### ABOUT THIS TASK
Repeat each entry below exactly as it stands.
──────── DATASET
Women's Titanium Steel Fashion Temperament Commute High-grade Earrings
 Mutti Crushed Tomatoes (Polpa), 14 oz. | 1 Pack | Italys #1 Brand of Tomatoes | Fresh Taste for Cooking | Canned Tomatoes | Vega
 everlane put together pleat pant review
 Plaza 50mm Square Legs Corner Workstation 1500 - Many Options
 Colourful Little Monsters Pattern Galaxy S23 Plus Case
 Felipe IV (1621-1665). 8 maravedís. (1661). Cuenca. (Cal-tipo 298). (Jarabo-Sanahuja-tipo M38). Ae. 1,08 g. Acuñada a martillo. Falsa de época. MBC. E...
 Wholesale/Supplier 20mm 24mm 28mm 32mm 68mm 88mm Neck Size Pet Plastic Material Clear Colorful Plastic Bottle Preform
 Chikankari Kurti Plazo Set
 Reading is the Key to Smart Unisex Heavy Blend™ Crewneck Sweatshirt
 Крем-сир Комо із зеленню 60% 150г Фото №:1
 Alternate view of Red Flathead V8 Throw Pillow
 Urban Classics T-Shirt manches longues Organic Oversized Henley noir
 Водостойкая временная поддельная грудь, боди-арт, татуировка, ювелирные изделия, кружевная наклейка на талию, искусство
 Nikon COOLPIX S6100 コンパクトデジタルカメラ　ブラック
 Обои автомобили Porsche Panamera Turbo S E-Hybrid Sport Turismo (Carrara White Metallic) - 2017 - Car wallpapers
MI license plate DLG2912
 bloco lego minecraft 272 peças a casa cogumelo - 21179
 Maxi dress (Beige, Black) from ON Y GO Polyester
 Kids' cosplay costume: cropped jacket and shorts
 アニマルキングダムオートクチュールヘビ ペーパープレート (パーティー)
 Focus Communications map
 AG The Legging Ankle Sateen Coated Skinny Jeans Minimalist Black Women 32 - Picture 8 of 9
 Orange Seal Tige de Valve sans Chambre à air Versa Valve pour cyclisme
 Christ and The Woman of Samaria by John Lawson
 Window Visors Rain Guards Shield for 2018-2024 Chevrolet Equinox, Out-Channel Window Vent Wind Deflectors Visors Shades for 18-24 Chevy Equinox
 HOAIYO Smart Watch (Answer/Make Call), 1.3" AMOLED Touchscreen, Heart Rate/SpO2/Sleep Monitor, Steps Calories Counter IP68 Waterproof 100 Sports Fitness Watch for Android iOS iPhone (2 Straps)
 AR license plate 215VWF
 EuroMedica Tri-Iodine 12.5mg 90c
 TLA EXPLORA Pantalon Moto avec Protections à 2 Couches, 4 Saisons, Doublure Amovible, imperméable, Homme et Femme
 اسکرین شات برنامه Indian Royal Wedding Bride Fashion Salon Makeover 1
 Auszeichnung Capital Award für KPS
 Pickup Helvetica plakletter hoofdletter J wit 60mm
────────────────
### ANSWER TO THIS TASK
Women's Titanium Steel Fashion Temperament Commute High-grade Earrings
 Mutti Crushed Tomatoes (Polpa), 14 oz. | 1 Pack | Italys #1 Brand of Tomatoes | Fresh Taste for Cooking | Canned Tomatoes | Vega
 everlane put together pleat pant review
 Plaza 50mm Square Legs Corner Workstation 1500 - Many Options
 Colourful Little Monsters Pattern Galaxy S23 Plus Case
 Felipe IV (1621-1665). 8 maravedís. (1661). Cuenca. (Cal-tipo 298). (Jarabo-Sanahuja-tipo M38). Ae. 1,08 g. Acuñada a martillo. Falsa de época. MBC. E...
 Wholesale/Supplier 20mm 24mm 28mm 32mm 68mm 88mm Neck Size Pet Plastic Material Clear Colorful Plastic Bottle Preform
 Chikankari Kurti Plazo Set
 Reading is the Key to Smart Unisex Heavy Blend™ Crewneck Sweatshirt
 Крем-сир Комо із зеленню 60% 150г Фото №:1
 Alternate view of Red Flathead V8 Throw Pillow
 Urban Classics T-Shirt manches longues Organic Oversized Henley noir
 Водостойкая временная поддельная грудь, боди-арт, татуировка, ювелирные изделия, кружевная наклейка на талию, искусство
 Nikon COOLPIX S6100 コンパクトデジタルカメラ　ブラック
 Обои автомобили Porsche Panamera Turbo S E-Hybrid Sport Turismo (Carrara White Metallic) - 2017 - Car wallpapers
MI license plate DLG2912
 bloco lego minecraft 272 peças a casa cogumelo - 21179
 Maxi dress (Beige, Black) from ON Y GO Polyester
 Kids' cosplay costume: cropped jacket and shorts
 アニマルキングダムオートクチュールヘビ ペーパープレート (パーティー)
 Focus Communications map
 AG The Legging Ankle Sateen Coated Skinny Jeans Minimalist Black Women 32 - Picture 8 of 9
 Orange Seal Tige de Valve sans Chambre à air Versa Valve pour cyclisme
 Christ and The Woman of Samaria by John Lawson
 Window Visors Rain Guards Shield for 2018-2024 Chevrolet Equinox, Out-Channel Window Vent Wind Deflectors Visors Shades for 18-24 Chevy Equinox
 HOAIYO Smart Watch (Answer/Make Call), 1.3" AMOLED Touchscreen, Heart Rate/SpO2/Sleep Monitor, Steps Calories Counter IP68 Waterproof 100 Sports Fitness Watch for Android iOS iPhone (2 Straps)
 AR license plate 215VWF
 EuroMedica Tri-Iodine 12.5mg 90c
 TLA EXPLORA Pantalon Moto avec Protections à 2 Couches, 4 Saisons, Doublure Amovible, imperméable, Homme et Femme
 اسکرین شات برنامه Indian Royal Wedding Bride Fashion Salon Makeover 1
 Auszeichnung Capital Award für KPS
 Pickup Helvetica plakletter hoofdletter J wit 60mm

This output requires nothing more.